*** Begin section ***

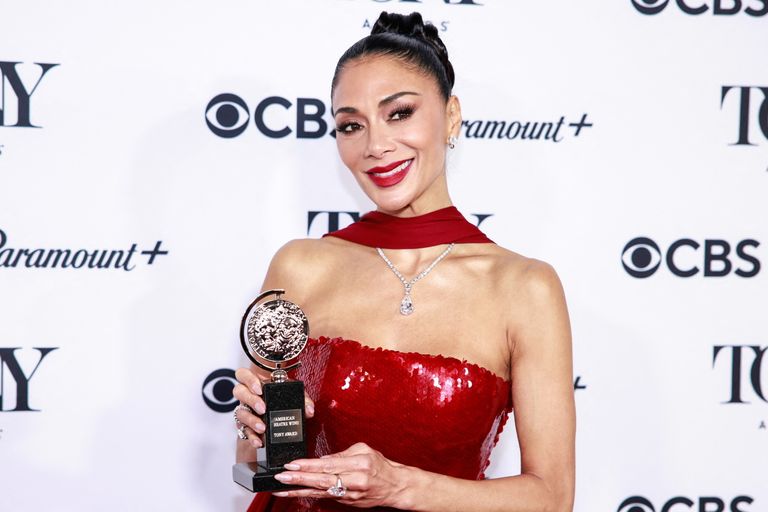 Nicole Scherzinger, Miglior attrice protagonista per Sunset Blvd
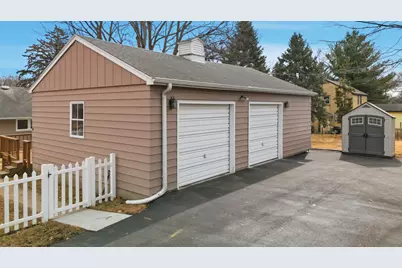 923 Institute Boulevard, Dixon, IL 61021 - Photo 6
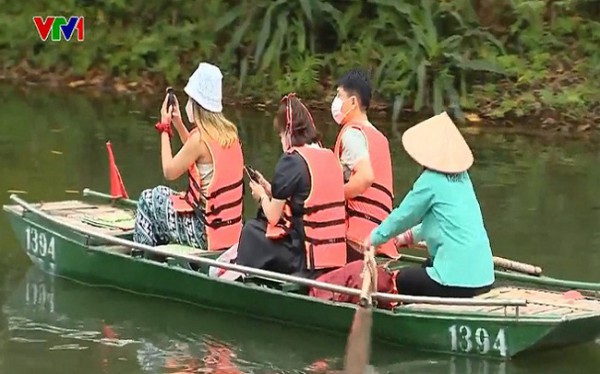 Lưu lượng cuộc gọi tăng mạnh đợt nghỉ lễ Lưu lượng cuộc gọi tăng mạnh đợt nghỉ lễ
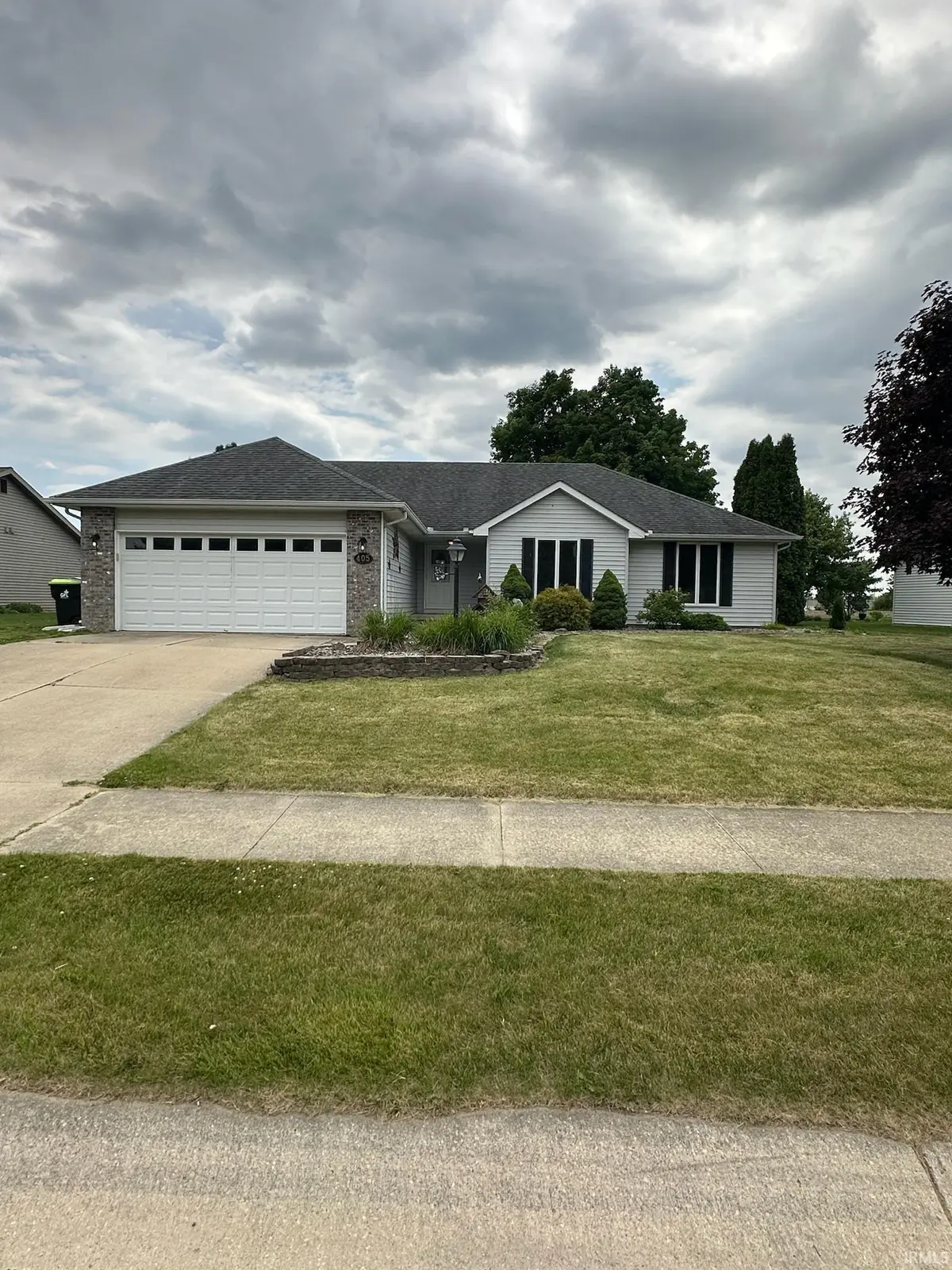 405 Carlisle DR, Huntington, IN 46750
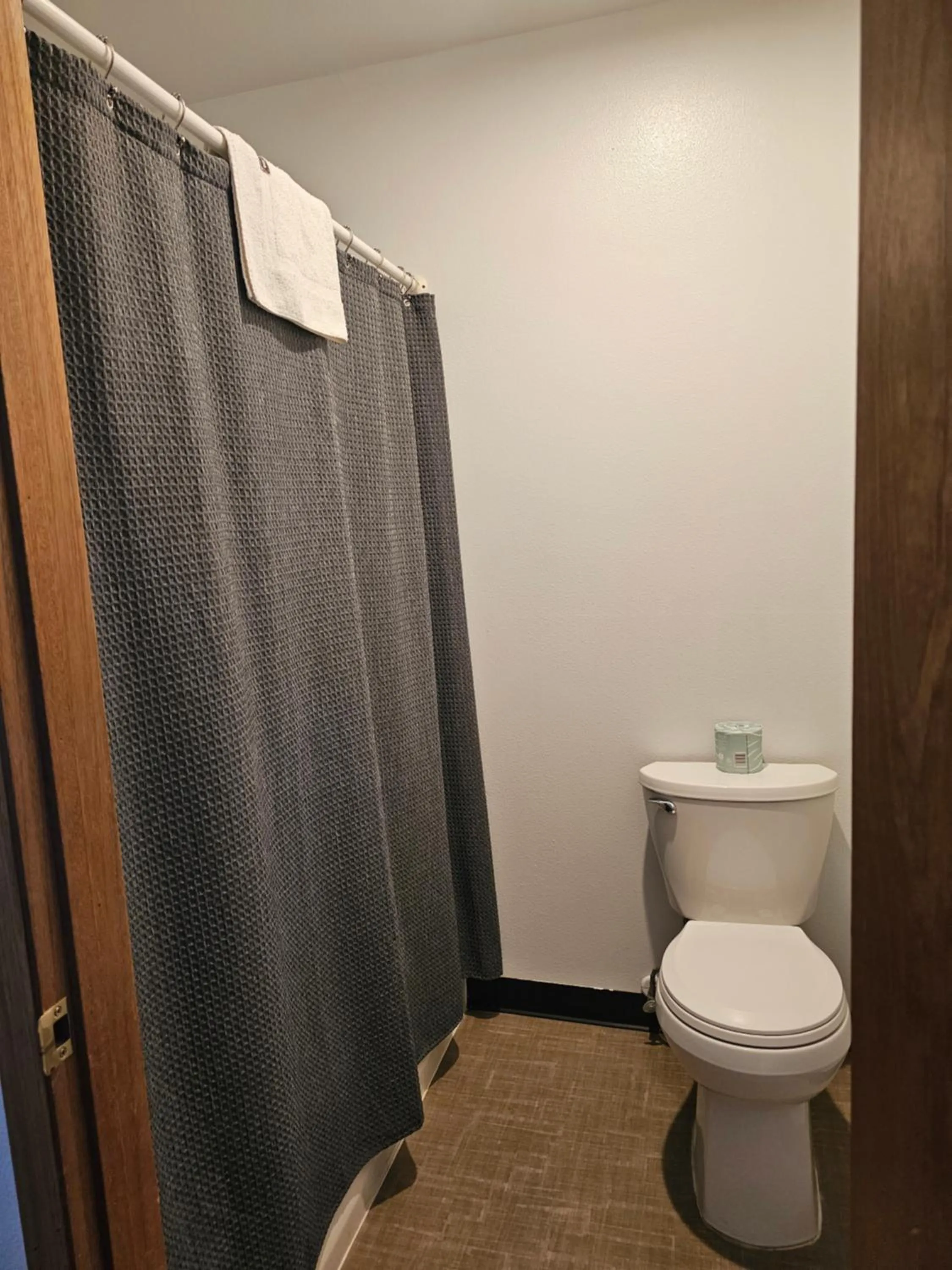 Bathroom in Cle Elum Travelers Inn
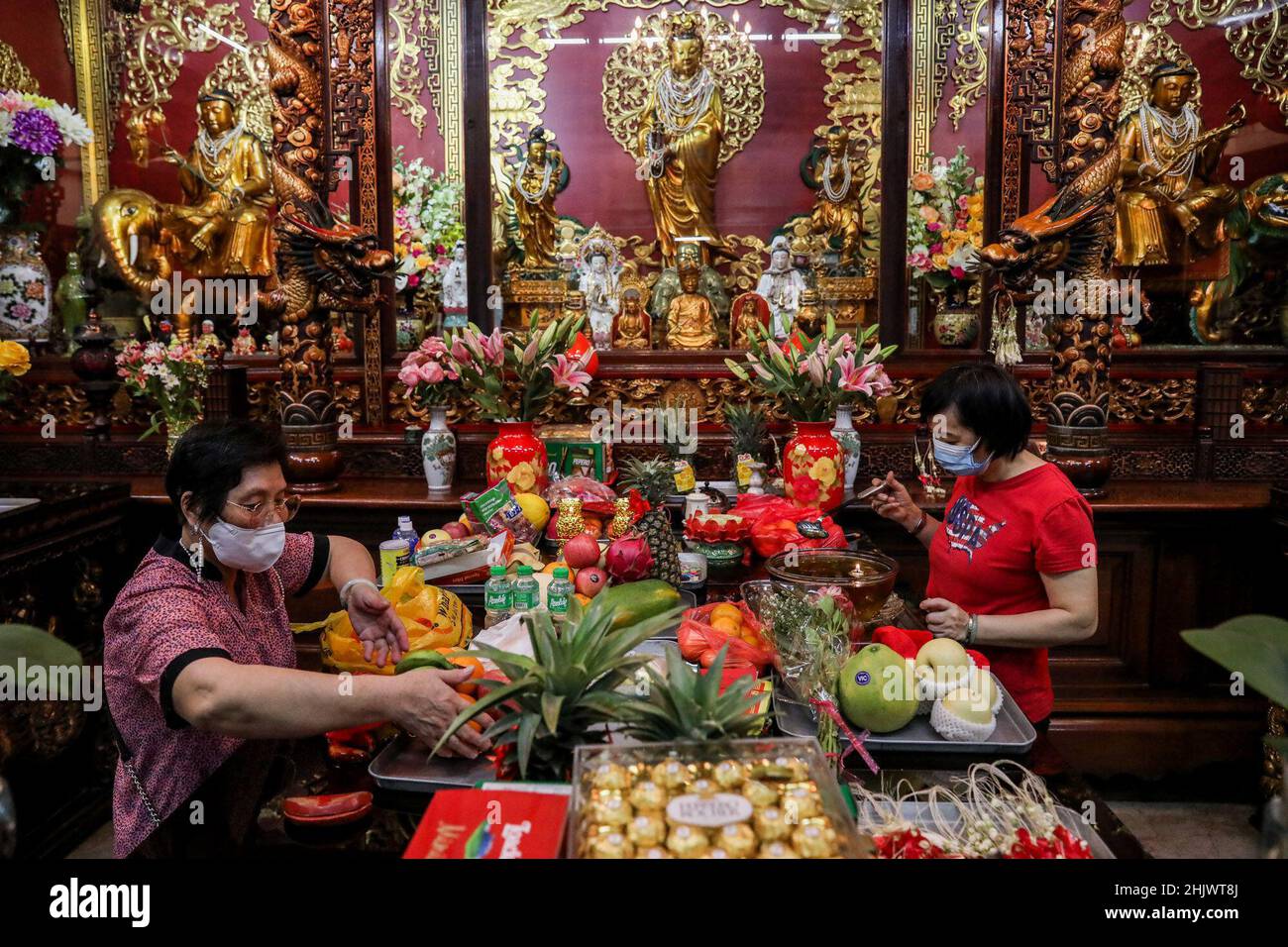 Manila, Philippinen. 1st. Februar 2022. Menschen mit Gesichtsmasken machen ein Angebot, das Mondneujahr im Seng Guan Tempel in Manilas Chinatown auf den Philippinen zu feiern. 1. Februar 2022. Das Mondneujahr 2022 markiert das Jahr des Tigers im chinesischen Tierkreiskalender und steht für Mut, Mut und Stärke. (Bild: © Basilio Sepe/ZUMA Press Wire) Stockfoto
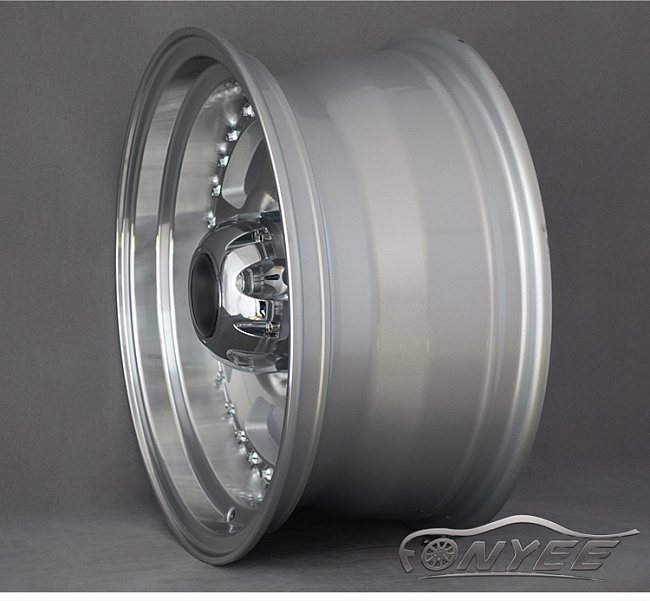 картинка Новые диски MVF-955 R15 5X114,3 ET-25 J7 серебро + серебристые болтики магазин  StreetTuning 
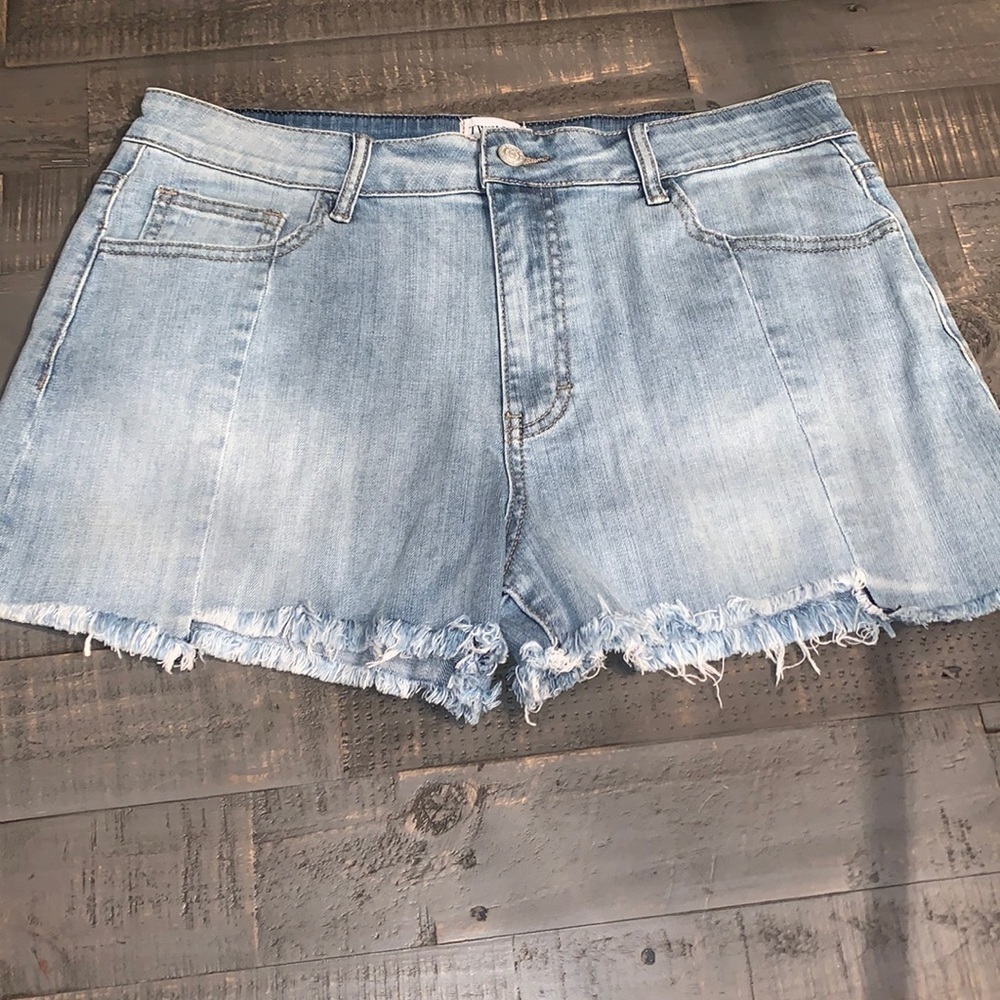 Twelve by ontwelfth Erie Slim Seam Jean Shorts‎ NWT Size 30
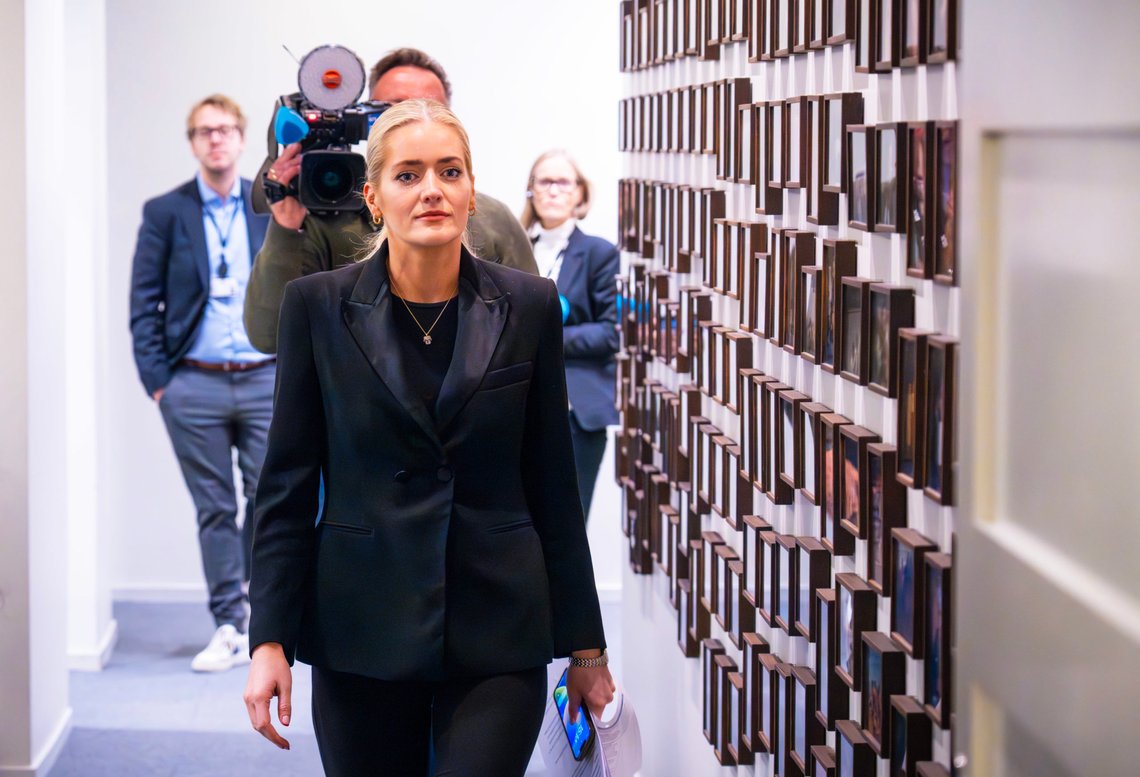 Oslo 20231002.
Justis- og beredskapsminister Emilie Enger Mehl (Sp) på vei inn til den åpne høringen på Stortinget om masseskytingen 25. juni i fjor.
Foto: Ole Berg-Rusten / NTB Oslo 20231002.
Justis- og beredskapsminister Emilie Enger Mehl (Sp) på vei inn til den åpne høringen på Stortinget om masseskytingen 25. juni i fjor.
Foto: Ole Berg-Rusten / NTB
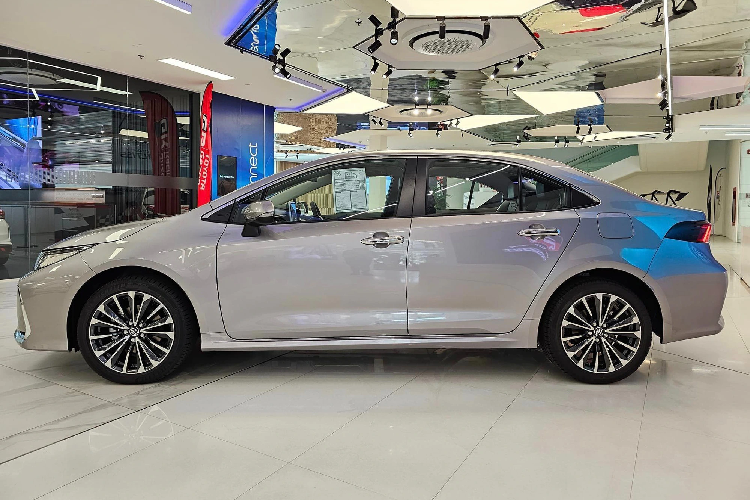 Được định vị trong phân khúc sedan hạng C, Toyota Corolla Altis cạnh tranh với các đối thủ như Kia K3, Hyundai Elantra, Honda Civic, Mazda3,... Xe hiện được bán với 3 phiên bản 1.8 G, 1.8 L và 1,8 HEV, đi kèm mức giá niêm yết lần lượt là 719, 765 và 860 triệu đồng.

*** End section ***

If a record holds a picture, drop the picture and return the rest of it exactly.

= SOLUTION TO THIS TASK =
 Nicole Scherzinger, Miglior attrice protagonista per Sunset Blvd
 923 Institute Boulevard, Dixon, IL 61021 - Photo 6
 Lưu lượng cuộc gọi tăng mạnh đợt nghỉ lễ Lưu lượng cuộc gọi tăng mạnh đợt nghỉ lễ
 405 Carlisle DR, Huntington, IN 46750
 Bathroom in Cle Elum Travelers Inn
 Manila, Philippinen. 1st. Februar 2022. Menschen mit Gesichtsmasken machen ein Angebot, das Mondneujahr im Seng Guan Tempel in Manilas Chinatown auf den Philippinen zu feiern. 1. Februar 2022. Das Mondneujahr 2022 markiert das Jahr des Tigers im chinesischen Tierkreiskalender und steht für Mut, Mut und Stärke. (Bild: © Basilio Sepe/ZUMA Press Wire) Stockfoto
 картинка Новые диски MVF-955 R15 5X114,3 ET-25 J7 серебро + серебристые болтики магазин  StreetTuning 
 Twelve by ontwelfth Erie Slim Seam Jean Shorts‎ NWT Size 30
 Oslo 20231002.
Justis- og beredskapsminister Emilie Enger Mehl (Sp) på vei inn til den åpne høringen på Stortinget om masseskytingen 25. juni i fjor.
Foto: Ole Berg-Rusten / NTB Oslo 20231002.
Justis- og beredskapsminister Emilie Enger Mehl (Sp) på vei inn til den åpne høringen på Stortinget om masseskytingen 25. juni i fjor.
Foto: Ole Berg-Rusten / NTB
 Được định vị trong phân khúc sedan hạng C, Toyota Corolla Altis cạnh tranh với các đối thủ như Kia K3, Hyundai Elantra, Honda Civic, Mazda3,... Xe hiện được bán với 3 phiên bản 1.8 G, 1.8 L và 1,8 HEV, đi kèm mức giá niêm yết lần lượt là 719, 765 và 860 triệu đồng.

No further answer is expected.